Assignment |
The data that follows is to be copied exactly, with each image removed.
START Data below
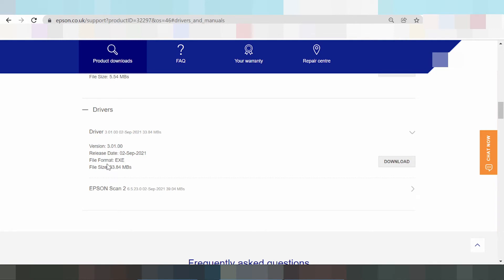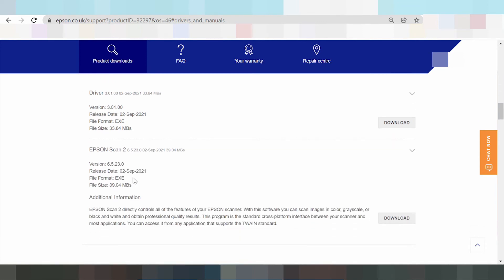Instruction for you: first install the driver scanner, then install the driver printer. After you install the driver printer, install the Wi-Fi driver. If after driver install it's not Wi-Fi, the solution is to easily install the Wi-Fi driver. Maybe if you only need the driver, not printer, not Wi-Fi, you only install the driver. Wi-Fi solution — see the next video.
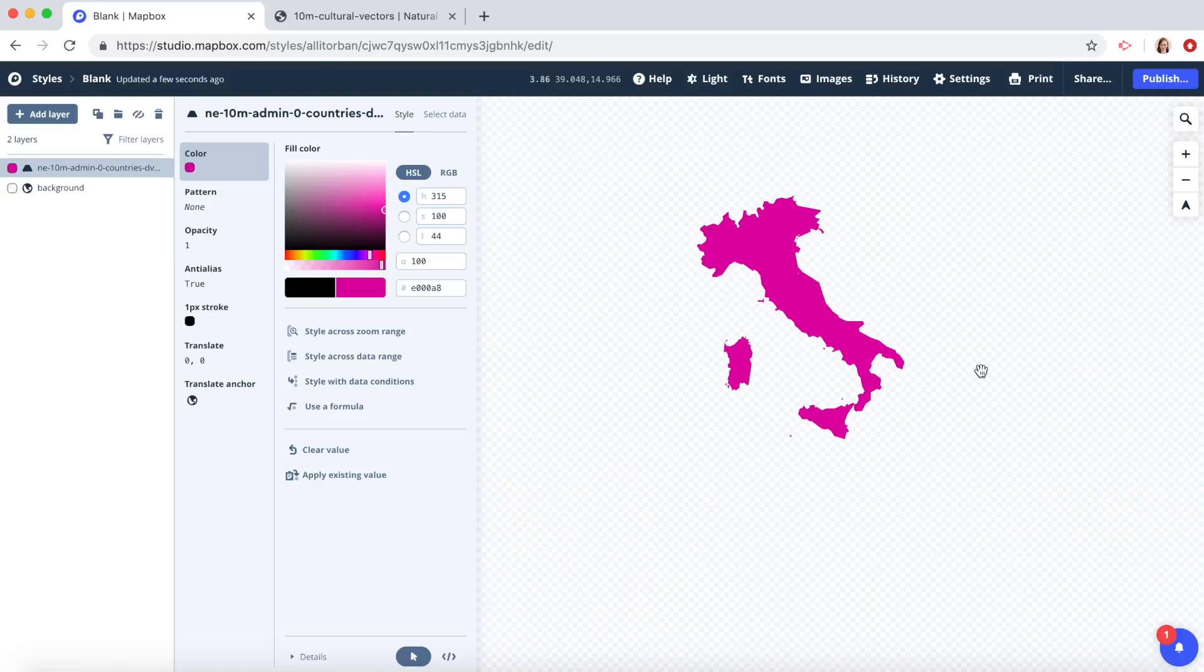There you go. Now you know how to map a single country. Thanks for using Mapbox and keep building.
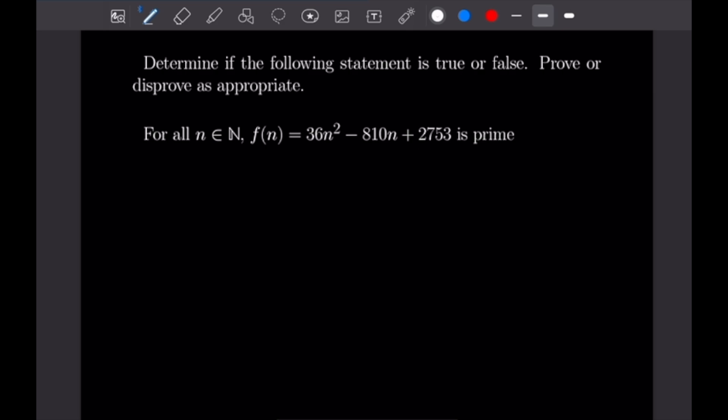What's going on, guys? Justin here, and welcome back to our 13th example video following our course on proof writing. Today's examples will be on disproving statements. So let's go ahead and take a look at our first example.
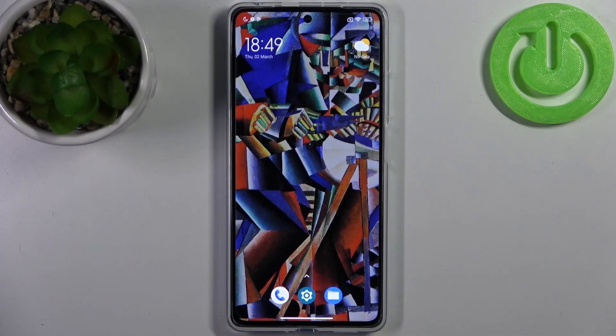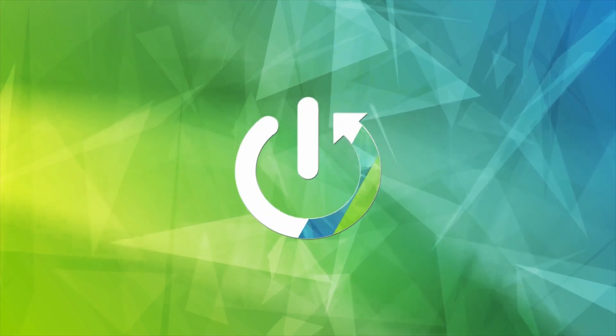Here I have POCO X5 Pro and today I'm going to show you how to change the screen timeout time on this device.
END Data below
Response area |
Instruction for you: first install the driver scanner, then install the driver printer. After you install the driver printer, install the Wi-Fi driver. If after driver install it's not Wi-Fi, the solution is to easily install the Wi-Fi driver. Maybe if you only need the driver, not printer, not Wi-Fi, you only install the driver. Wi-Fi solution — see the next video.
There you go. Now you know how to map a single country. Thanks for using Mapbox and keep building.
What's going on, guys? Justin here, and welcome back to our 13th example video following our course on proof writing. Today's examples will be on disproving statements. So let's go ahead and take a look at our first example.
Here I have POCO X5 Pro and today I'm going to show you how to change the screen timeout time on this device.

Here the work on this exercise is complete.